(Dataset excerpts)

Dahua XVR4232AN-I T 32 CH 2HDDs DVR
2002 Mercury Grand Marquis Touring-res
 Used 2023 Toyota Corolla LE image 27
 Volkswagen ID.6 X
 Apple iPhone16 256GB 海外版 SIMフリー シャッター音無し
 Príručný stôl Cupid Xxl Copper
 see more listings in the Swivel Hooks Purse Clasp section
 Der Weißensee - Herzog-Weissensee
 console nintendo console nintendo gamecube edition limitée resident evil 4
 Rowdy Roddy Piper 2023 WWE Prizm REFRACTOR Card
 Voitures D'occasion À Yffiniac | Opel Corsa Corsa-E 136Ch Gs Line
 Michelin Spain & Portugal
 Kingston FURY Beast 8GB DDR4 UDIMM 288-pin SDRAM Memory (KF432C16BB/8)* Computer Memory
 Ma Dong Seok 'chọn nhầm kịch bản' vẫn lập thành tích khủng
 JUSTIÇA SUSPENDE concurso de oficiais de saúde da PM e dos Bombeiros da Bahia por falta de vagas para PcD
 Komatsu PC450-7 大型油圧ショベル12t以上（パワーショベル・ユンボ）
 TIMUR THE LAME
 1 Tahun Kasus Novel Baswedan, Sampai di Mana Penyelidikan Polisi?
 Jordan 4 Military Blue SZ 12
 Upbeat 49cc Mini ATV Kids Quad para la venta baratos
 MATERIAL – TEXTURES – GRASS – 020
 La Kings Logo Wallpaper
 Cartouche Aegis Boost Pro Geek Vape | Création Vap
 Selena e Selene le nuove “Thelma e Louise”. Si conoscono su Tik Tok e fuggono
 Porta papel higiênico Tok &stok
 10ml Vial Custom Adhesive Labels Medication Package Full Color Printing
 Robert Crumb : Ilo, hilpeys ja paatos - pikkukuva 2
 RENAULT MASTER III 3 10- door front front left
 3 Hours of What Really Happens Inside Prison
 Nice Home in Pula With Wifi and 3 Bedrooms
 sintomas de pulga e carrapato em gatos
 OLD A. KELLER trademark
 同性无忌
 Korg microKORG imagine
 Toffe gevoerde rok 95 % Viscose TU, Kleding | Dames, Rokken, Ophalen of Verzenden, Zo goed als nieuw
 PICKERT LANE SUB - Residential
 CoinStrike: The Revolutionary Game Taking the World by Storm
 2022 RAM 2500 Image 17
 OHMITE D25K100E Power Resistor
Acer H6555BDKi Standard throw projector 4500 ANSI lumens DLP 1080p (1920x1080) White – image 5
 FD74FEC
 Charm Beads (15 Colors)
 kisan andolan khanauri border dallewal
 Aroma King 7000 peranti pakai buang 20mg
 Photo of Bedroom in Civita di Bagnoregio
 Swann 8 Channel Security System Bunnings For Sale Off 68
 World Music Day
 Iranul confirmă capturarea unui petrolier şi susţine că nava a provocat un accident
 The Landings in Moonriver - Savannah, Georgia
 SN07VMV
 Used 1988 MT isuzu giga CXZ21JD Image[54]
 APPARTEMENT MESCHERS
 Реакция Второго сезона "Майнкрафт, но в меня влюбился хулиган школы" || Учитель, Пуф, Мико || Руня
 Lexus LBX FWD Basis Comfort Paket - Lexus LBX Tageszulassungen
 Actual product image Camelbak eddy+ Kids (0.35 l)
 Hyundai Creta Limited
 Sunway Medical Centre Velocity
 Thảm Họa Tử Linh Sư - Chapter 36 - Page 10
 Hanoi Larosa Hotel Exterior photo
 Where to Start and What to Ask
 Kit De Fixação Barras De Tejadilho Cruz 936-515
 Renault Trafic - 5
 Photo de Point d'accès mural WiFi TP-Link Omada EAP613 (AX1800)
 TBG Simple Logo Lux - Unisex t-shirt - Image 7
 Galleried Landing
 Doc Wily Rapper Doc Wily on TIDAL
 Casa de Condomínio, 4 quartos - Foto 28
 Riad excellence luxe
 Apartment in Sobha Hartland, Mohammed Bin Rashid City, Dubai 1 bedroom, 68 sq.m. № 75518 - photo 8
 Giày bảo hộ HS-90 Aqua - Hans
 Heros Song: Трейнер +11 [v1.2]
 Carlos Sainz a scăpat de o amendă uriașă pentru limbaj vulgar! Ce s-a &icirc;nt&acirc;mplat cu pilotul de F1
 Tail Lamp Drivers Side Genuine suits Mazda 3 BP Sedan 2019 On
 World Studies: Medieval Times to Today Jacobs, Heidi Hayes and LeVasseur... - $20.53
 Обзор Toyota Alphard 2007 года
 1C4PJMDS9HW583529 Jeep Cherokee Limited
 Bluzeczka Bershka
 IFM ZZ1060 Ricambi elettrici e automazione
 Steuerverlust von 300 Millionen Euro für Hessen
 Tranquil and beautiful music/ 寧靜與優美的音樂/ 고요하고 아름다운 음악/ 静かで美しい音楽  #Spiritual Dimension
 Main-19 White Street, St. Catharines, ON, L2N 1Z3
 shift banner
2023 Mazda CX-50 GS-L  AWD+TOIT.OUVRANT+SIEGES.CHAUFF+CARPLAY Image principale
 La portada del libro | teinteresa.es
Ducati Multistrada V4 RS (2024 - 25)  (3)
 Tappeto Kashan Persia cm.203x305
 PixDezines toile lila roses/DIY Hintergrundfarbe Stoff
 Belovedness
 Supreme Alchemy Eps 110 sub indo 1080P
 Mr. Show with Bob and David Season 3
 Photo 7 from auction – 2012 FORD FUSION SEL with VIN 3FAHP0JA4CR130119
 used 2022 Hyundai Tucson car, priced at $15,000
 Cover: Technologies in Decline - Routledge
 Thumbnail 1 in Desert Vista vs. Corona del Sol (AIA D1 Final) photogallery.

● **Your task**: Where a line in the records above holds the string "para", it counts toward the total; give that total alone.

● **Solution to this exercise**: 2